Assigned task:
Restate word for word the lines of the entries below, starting with the line that holds "Bohemian Chic: GXZ Floral Smock Dress" and ending with the line that holds "304 Stainless Steel", and no others.

* * *

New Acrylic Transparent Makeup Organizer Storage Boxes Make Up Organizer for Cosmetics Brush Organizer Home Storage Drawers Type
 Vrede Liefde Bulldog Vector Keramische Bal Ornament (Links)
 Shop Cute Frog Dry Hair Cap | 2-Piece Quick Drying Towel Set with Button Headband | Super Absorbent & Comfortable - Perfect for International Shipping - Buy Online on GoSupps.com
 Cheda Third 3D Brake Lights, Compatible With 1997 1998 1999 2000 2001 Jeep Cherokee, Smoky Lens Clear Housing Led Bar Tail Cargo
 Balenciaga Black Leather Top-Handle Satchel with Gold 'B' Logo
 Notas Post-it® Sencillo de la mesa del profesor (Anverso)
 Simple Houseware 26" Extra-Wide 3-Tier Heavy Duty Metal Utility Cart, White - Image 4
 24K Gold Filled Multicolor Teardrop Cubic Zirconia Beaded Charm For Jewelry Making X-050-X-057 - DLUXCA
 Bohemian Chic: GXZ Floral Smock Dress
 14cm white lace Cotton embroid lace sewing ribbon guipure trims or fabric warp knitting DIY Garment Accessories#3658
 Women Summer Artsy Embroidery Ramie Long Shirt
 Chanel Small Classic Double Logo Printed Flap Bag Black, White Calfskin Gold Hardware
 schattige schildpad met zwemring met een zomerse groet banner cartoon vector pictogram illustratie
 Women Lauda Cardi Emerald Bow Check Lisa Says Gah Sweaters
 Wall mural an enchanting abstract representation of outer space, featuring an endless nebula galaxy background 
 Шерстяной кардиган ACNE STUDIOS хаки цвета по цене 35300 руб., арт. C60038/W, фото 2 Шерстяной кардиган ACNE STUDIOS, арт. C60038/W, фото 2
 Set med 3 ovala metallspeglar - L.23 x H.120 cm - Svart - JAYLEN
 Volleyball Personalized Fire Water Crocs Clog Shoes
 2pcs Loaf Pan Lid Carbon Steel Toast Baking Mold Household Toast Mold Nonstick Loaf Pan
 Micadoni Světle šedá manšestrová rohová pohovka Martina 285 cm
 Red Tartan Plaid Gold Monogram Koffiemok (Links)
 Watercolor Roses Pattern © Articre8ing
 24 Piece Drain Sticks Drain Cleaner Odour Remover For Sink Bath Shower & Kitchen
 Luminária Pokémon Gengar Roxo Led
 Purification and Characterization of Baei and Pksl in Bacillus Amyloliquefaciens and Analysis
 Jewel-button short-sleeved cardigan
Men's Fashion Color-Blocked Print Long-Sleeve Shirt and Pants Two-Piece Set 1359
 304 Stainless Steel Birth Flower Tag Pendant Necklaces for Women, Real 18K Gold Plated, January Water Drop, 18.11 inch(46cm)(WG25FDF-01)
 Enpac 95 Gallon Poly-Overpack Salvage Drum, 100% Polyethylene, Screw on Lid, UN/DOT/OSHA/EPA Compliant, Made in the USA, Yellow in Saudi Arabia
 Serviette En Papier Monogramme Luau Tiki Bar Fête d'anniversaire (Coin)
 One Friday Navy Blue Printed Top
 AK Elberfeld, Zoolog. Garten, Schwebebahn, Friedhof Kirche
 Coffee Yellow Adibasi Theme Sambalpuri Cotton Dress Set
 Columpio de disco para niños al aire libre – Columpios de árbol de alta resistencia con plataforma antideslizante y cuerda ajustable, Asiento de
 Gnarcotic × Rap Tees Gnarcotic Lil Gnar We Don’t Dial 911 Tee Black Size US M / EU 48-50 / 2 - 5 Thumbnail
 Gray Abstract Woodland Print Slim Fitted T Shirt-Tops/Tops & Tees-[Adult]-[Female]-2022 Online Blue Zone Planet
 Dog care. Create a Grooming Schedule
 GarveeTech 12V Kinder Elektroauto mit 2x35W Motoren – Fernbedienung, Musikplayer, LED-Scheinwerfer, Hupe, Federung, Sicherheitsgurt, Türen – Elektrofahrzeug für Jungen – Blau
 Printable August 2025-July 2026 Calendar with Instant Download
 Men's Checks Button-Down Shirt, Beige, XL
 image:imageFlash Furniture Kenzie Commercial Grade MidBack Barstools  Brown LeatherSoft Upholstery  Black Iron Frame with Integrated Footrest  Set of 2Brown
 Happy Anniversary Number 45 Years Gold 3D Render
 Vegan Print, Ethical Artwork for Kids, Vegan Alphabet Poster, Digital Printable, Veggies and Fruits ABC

* * *

Output of the exercise:
 Bohemian Chic: GXZ Floral Smock Dress
 14cm white lace Cotton embroid lace sewing ribbon guipure trims or fabric warp knitting DIY Garment Accessories#3658
 Women Summer Artsy Embroidery Ramie Long Shirt
 Chanel Small Classic Double Logo Printed Flap Bag Black, White Calfskin Gold Hardware
 schattige schildpad met zwemring met een zomerse groet banner cartoon vector pictogram illustratie
 Women Lauda Cardi Emerald Bow Check Lisa Says Gah Sweaters
 Wall mural an enchanting abstract representation of outer space, featuring an endless nebula galaxy background 
 Шерстяной кардиган ACNE STUDIOS хаки цвета по цене 35300 руб., арт. C60038/W, фото 2 Шерстяной кардиган ACNE STUDIOS, арт. C60038/W, фото 2
 Set med 3 ovala metallspeglar - L.23 x H.120 cm - Svart - JAYLEN
 Volleyball Personalized Fire Water Crocs Clog Shoes
 2pcs Loaf Pan Lid Carbon Steel Toast Baking Mold Household Toast Mold Nonstick Loaf Pan
 Micadoni Světle šedá manšestrová rohová pohovka Martina 285 cm
 Red Tartan Plaid Gold Monogram Koffiemok (Links)
 Watercolor Roses Pattern © Articre8ing
 24 Piece Drain Sticks Drain Cleaner Odour Remover For Sink Bath Shower & Kitchen
 Luminária Pokémon Gengar Roxo Led
 Purification and Characterization of Baei and Pksl in Bacillus Amyloliquefaciens and Analysis
 Jewel-button short-sleeved cardigan
Men's Fashion Color-Blocked Print Long-Sleeve Shirt and Pants Two-Piece Set 1359
 304 Stainless Steel Birth Flower Tag Pendant Necklaces for Women, Real 18K Gold Plated, January Water Drop, 18.11 inch(46cm)(WG25FDF-01)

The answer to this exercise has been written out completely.